How about if it made you a million bucks? Think back on those really long Math problems you worked on. You eventually were able to solve it, right? ("Am I right or am I right?")

well this one will take just a bit longer but there is a huge payoff. So break out your pencils, and don't look in the back of the book for the answer until you have arrived at your own answer.

The Riemann hypothesis, along with suitable generalizations, is considered by many mathematicians to be the most important unresolved problem in pure mathematics. First formulated by Bernhard Riemann in 1859, it has withstood concentrated efforts from many outstanding mathematicians for almost 150 years.

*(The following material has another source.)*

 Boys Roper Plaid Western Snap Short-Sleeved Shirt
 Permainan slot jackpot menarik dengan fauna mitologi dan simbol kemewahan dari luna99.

The Riemann hypothesis (RH) is a conjecture about the distribution of the zeros of the Riemann zeta-function ζ(s). The Riemann zeta-function is defined for all complex numbers s ≠ 1. It has zeros at the negative even integers (i.e. at s = −2, s = −4, s = −6, ...). These are called the trivial zeros. The Riemann hypothesis is concerned with the non-trivial zeros, and states that:

The real part of any non-trivial zero of the Riemann zeta function is ½.

Thus the non-trivial zeros should lie on the so-called critical line, ½ + it, where t is a real number and i is the imaginary unit. The Riemann zeta-function along the critical line is sometimes studied in terms of the Z-function, whose real zeros correspond to the zeros of the zeta-function on the critical line.

The Riemann hypothesis implies a large body of other important results. Most mathematicians believe the Riemann hypothesis to be true. A \$1,000,000 prize has been offered by the Clay Mathematics Institute for the first correct proof.

P.S. if you solve this, not only do you get the money but you would be awarded a PHD from any university you wanted.